> _Supplied records_:

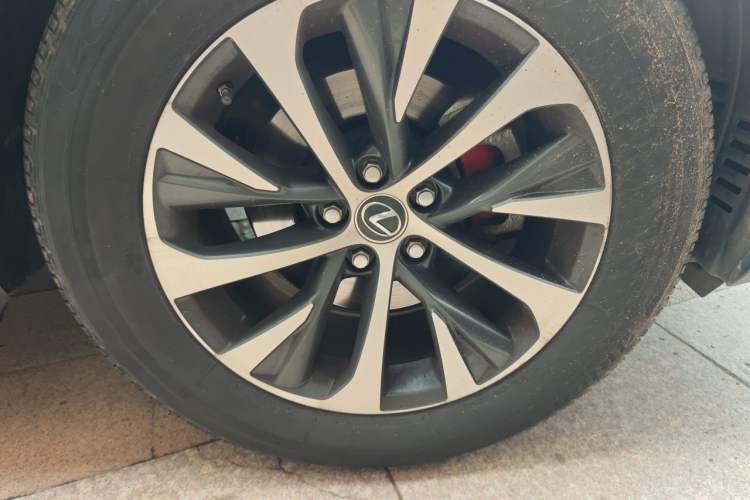Used Lexus RX 2020 Revised Version 300 Two-Wheel Drive Comfort Edition Right Front Wheel Hub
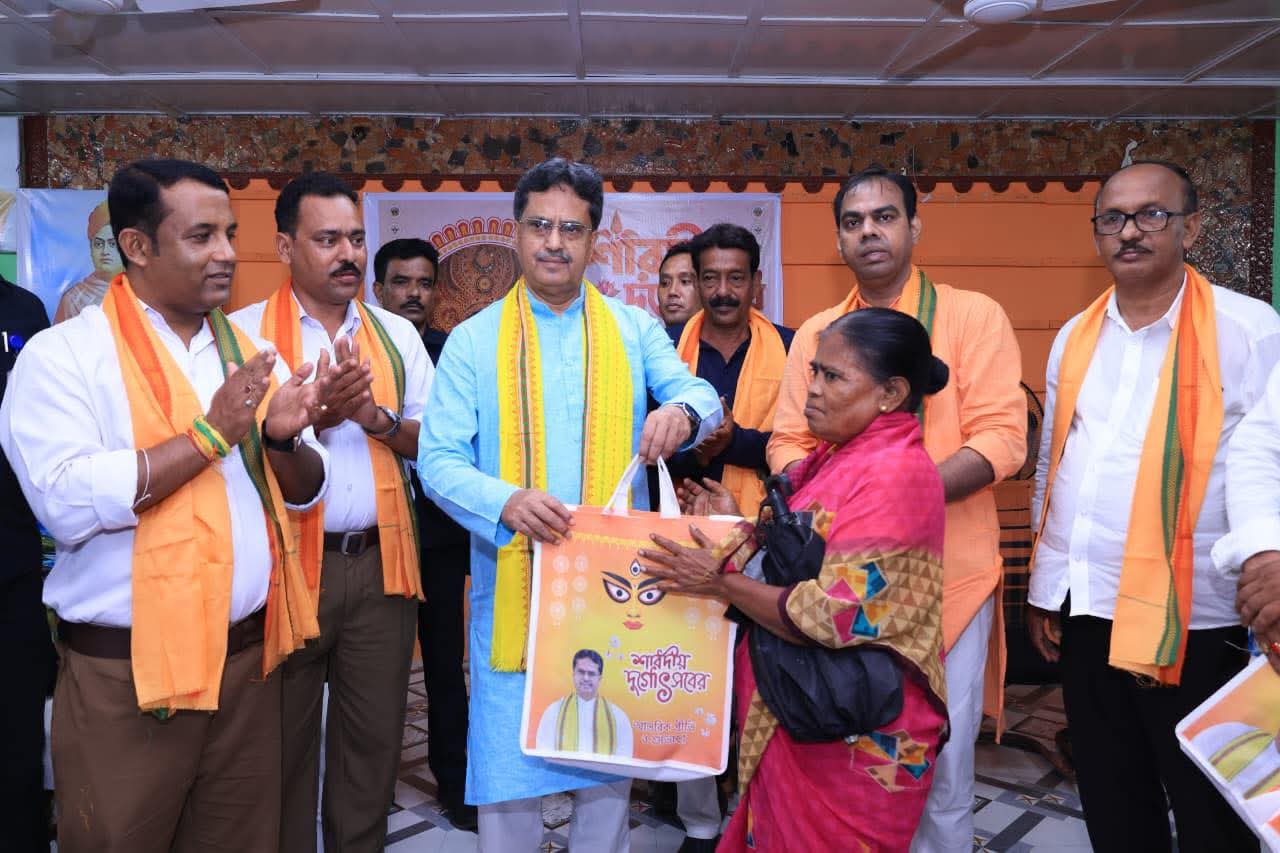 দুর্গাপূজা উপলক্ষে আগরতলার মহিলাদের মধ্যে শাড়ি বিতরণ, মুখ্যমন্ত্রীর আনন্দজনক বার্তা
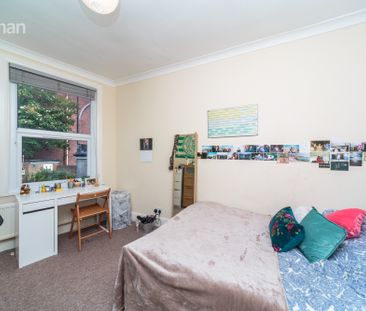 4 bedroom terraced house to rent - Photo 3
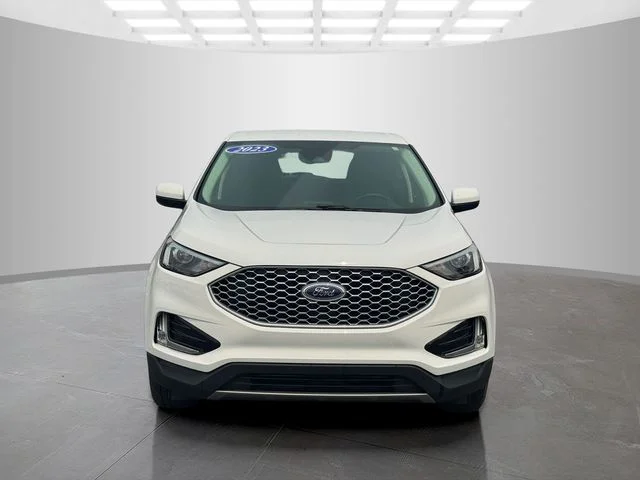 Used 2023 White Ford SEL image 2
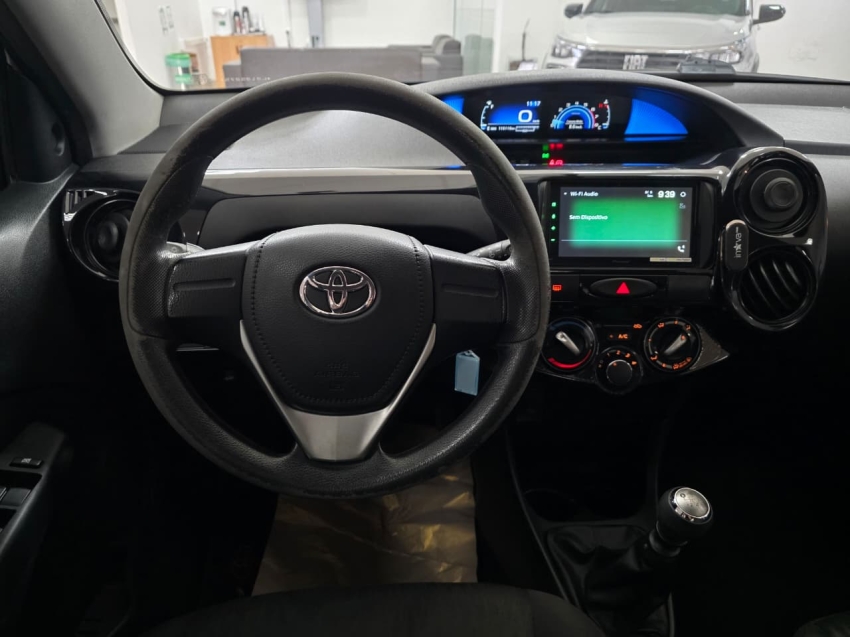 toyota etios 1.3 x 16v flex 4p manual 202011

> _Assignment_:
Word for word, print all of the data; skip the pictures.

> _Reply to the task_:
Used Lexus RX 2020 Revised Version 300 Two-Wheel Drive Comfort Edition Right Front Wheel Hub
 দুর্গাপূজা উপলক্ষে আগরতলার মহিলাদের মধ্যে শাড়ি বিতরণ, মুখ্যমন্ত্রীর আনন্দজনক বার্তা
 4 bedroom terraced house to rent - Photo 3
 Used 2023 White Ford SEL image 2
 toyota etios 1.3 x 16v flex 4p manual 202011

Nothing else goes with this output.